Tag Archives: Training

Suspicious Behaviors Common in Workplace Harassers

After 30 years of advising employers, conducting sexual harassment investigations, and defending companies sued for discrimination and harassment, I have developed a list of suspicious behaviors that I see repeatedly among sexual harassers in the workplace.

I don’t think of myself as precogniscent of whether a person is actually a harasser or not prior to investigating a complaint, but I have repeatedly seen what I would call these “red flag” behaviors that certainly make it more likely that a supervisor may be accused of harassment at some point.

From the stories in the press about the sexual misconduct of Harvey Weinstein, Roger Ailes, and others, it appears from witness statements that many of these warning signs were present and ignored by their companies before the complaints about their misbehavior finally came to light.

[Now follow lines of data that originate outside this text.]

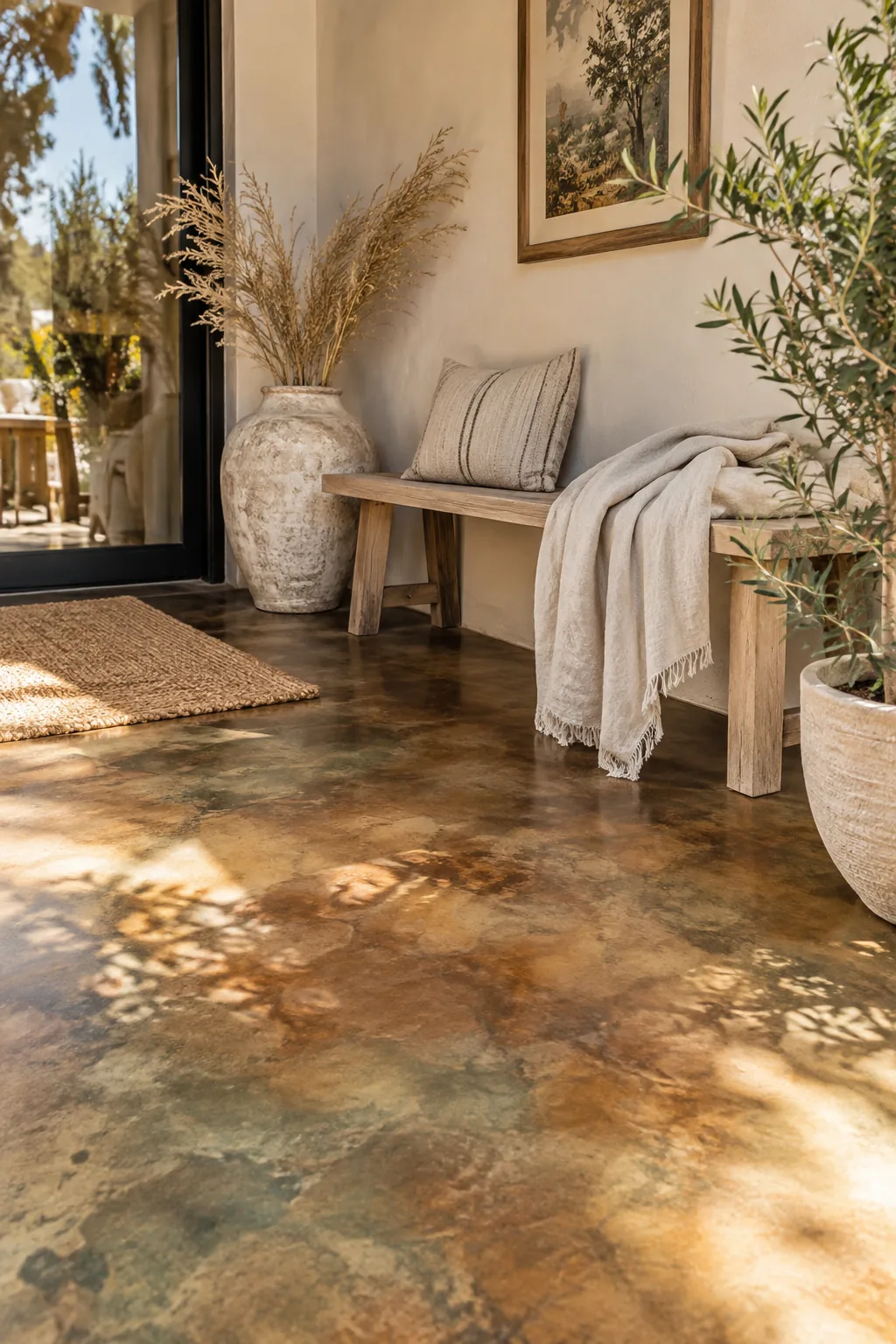 Concrete patio finished with a mottled brown acid-based stain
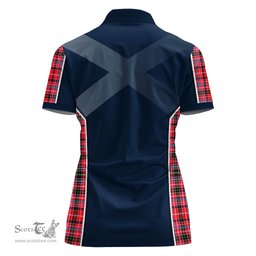 ScotsTee Shop Scottish Straiton Clan Scottish Crest and Scottish Thistle Sport Tartan Womens Polo Shirt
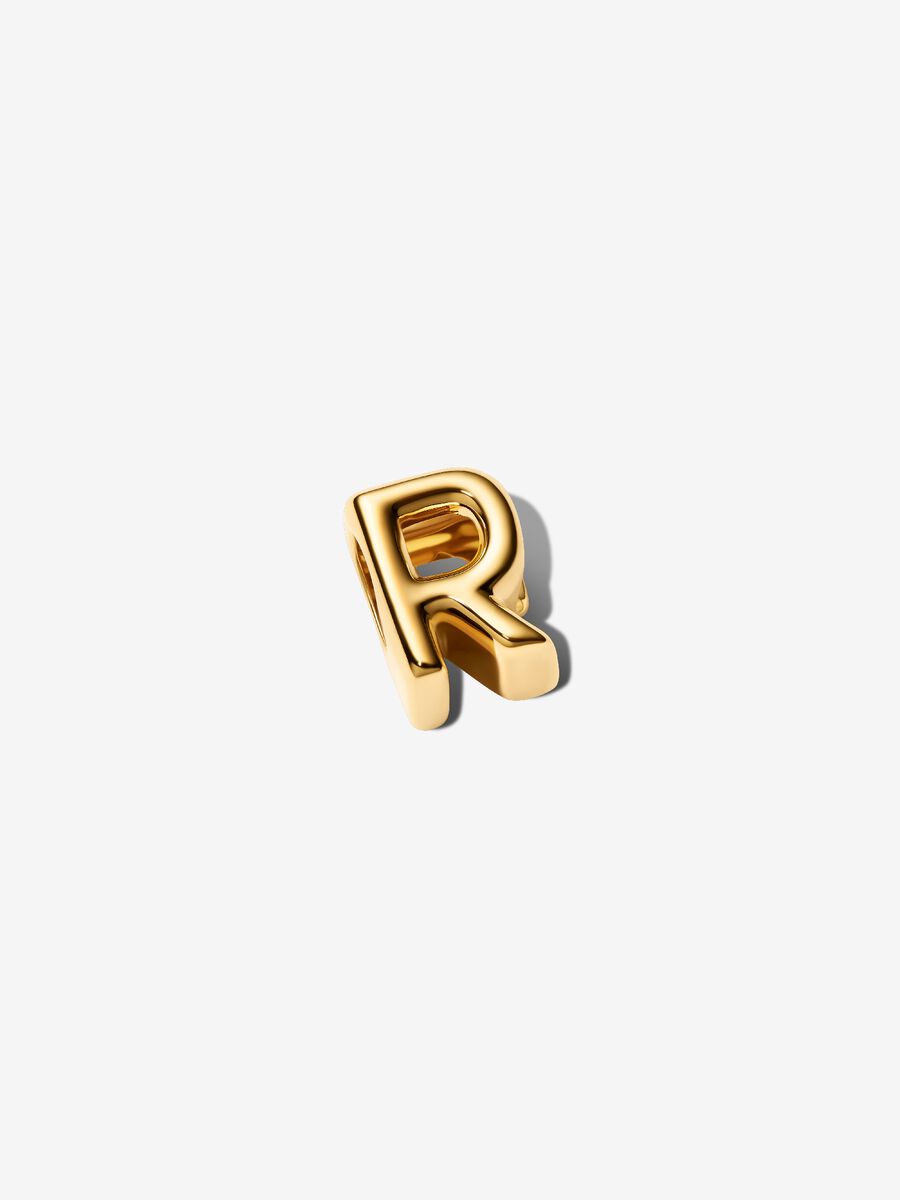 Buchstabe R Alphabet-Mini-Charm 14 Karat Vergoldung
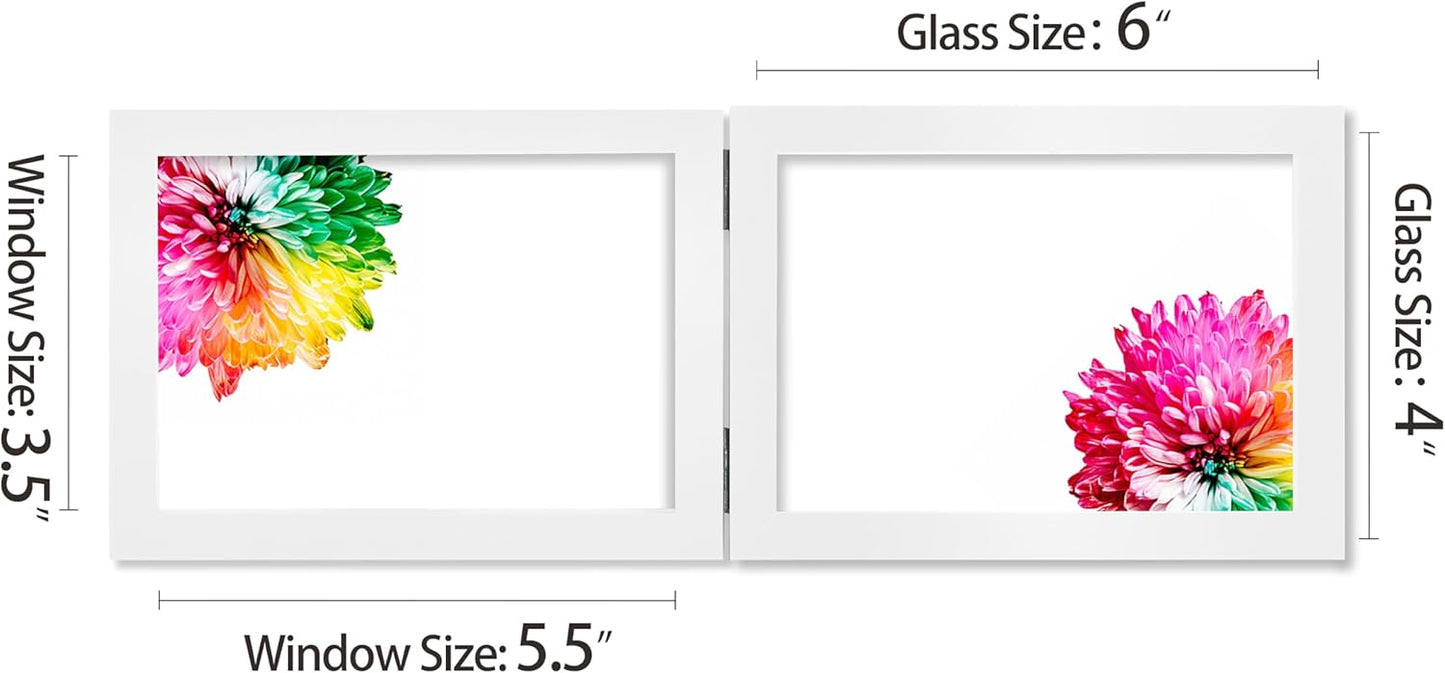 Double 4x6 Horizontal Combo, White Wood Picture Frame, 3.5x5.5 Opening Foldable Landscape View Photo Frame on Table-top or Wall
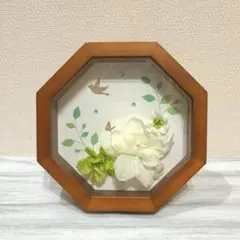 【八角形　✿　置物　／ブラウン】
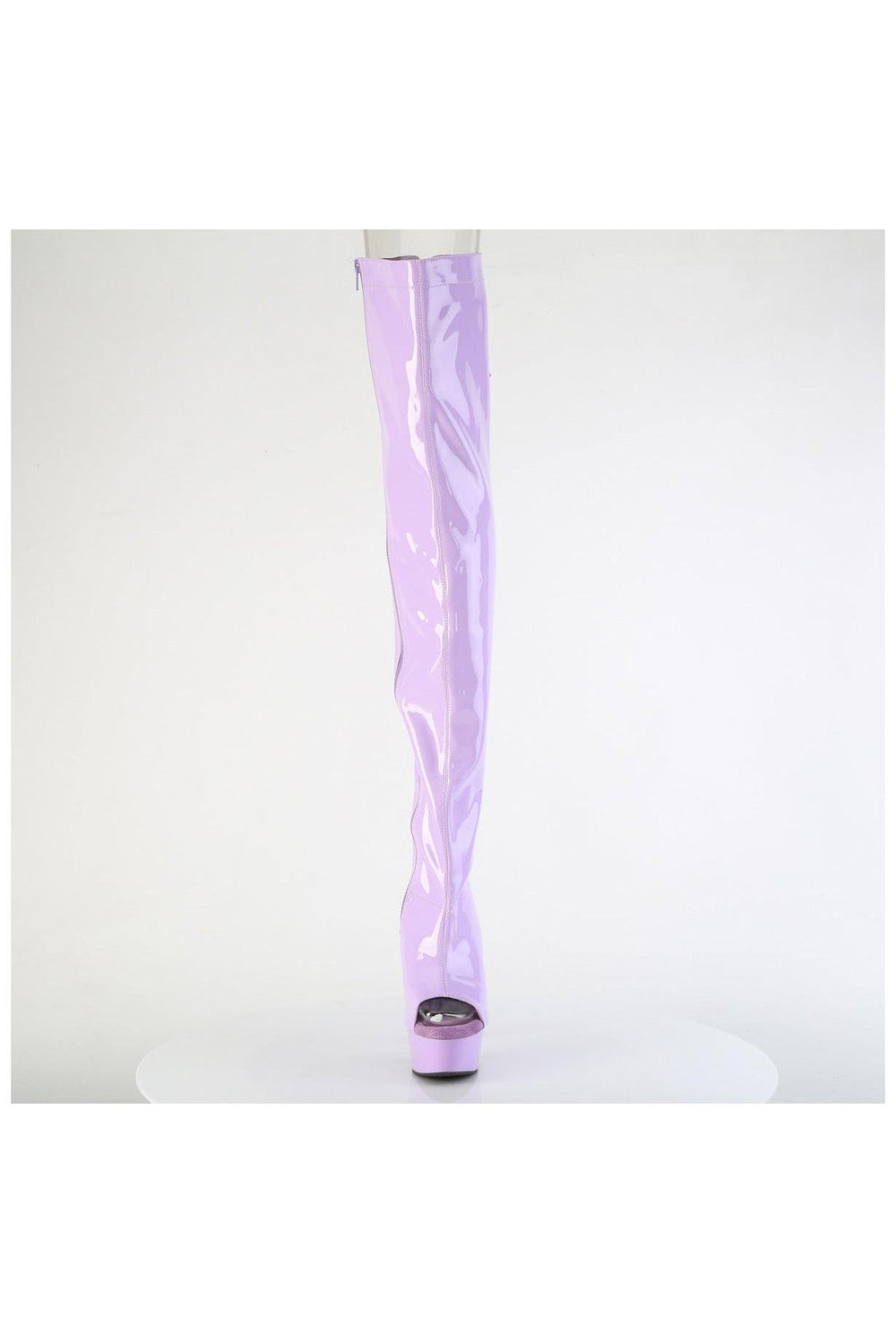 Pleaser  DELIGHT-3017 Thigh Boot in Purple Patent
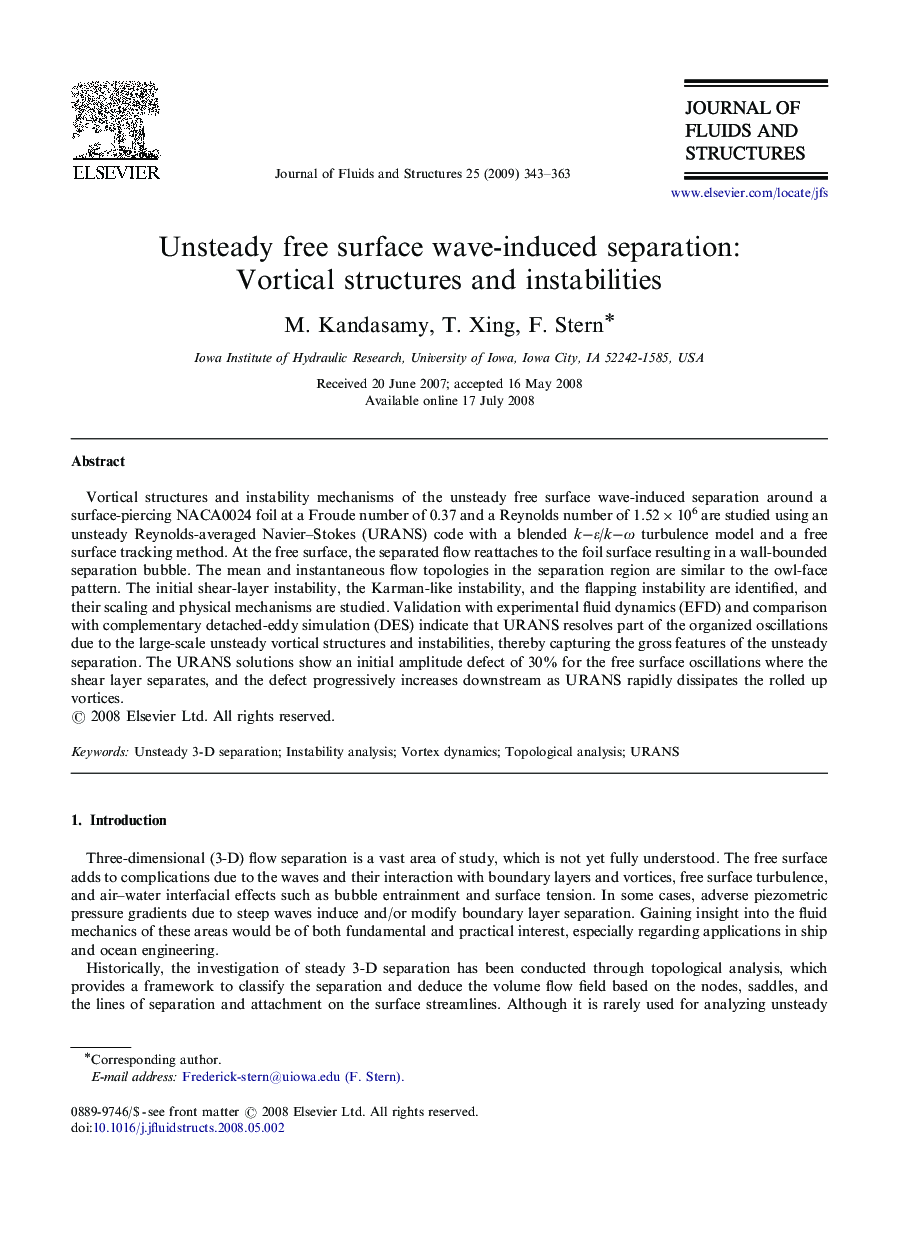 Unsteady free surface wave-induced separation: Vortical structures and instabilities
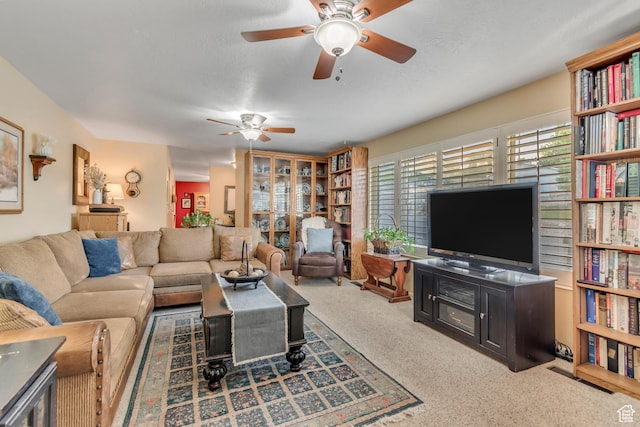 955 W Charlotte Dr, South Jordan, UT 84095 - living room with ceiling fan and carpet floors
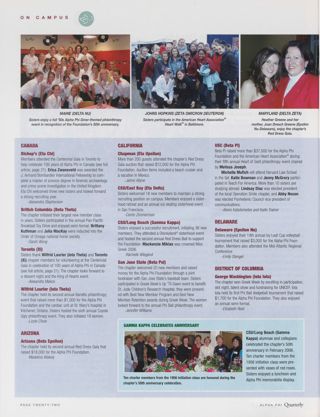 On Campus: Maine (Delta Nu), Spring 2007. On Campus: Johns Hopkins (Zeta Omicron Deuteron), Spring 2007. On Campus: Bishop's (Eta Chi), Spring 2007. On Campus: British Columbia (Beta Theta), Spring 2007. On Campus: Toronto (Xi), Spring 2007. On Campus: Wilfrid Laurier (Iota Theta), Spring 2007. On Campus: Arizona (Beta Epsilon), Spring 2007. On Campus: Chapman (Eta Upsilon), Spring 2007. On Campus: CSU/East Bay (Eta Delta), Spring 2007. On Campus: CSU/Long Beach (Gamma Kappa), Spring 2007. On Campus: San Jose State (Beta Psi), Spring 2007. On Campus: Gamma Kappa Celebrates Anniversary. On Campus: USC (Beta Pi), Spring 2007. On Campus: Delaware (Epsilon Nu), Spring 2007. On Campus: George Washington (Iota Iota), Spring 2007. On Campus: Maryland (Delta Zeta), Spring 2007, Continued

Red flag behaviors that employers should take very serious notice of even before a harassment complaint is filed include:

  • Any inappropriate remark at work by a supervisor that has racist, sexist or other prejudiced overtones;
  • Criticism directed towards employees of one gender, one race, those of different religious beliefs, etc. and not towards ones of the supervisor’s own gender, race or religion;
  • Comments by a supervisor that are often about an employee’s or applicant’s appearance or personal attributes rather than work-related competence;
  • A supervisor who verbally hits back aggressively when challenged by someone “beneath” the supervisor;
  • Unprofessional online behavior, such as forwarding questionable emails or viewing porn at work;
  • Attempts to cover tracks, for example, by using a texting service like Snapchat that quickly destroys messages for what are allegedly work-related conversations;
  • Flirting by a supervisor, even if it seems harmless, that makes the object of the flirting uncomfortable;
  • A supervisor who complains repeatedly about his/her marriage and acts like the victim in that relationship;
  • Supervisor dating a subordinate;
  • Supervisor who can’t be trusted to behave correctly around alcohol, such as during the company Christmas party or softball game;
  • Gifts given by a supervisor to a particular subordinate and not to others; and
  • The settlement of a prior sexual harassment complaint for an eye-popping $32,000,000 before the employer has to pay to settle five other claims. Let’s just call that one the O’Reilly Factor.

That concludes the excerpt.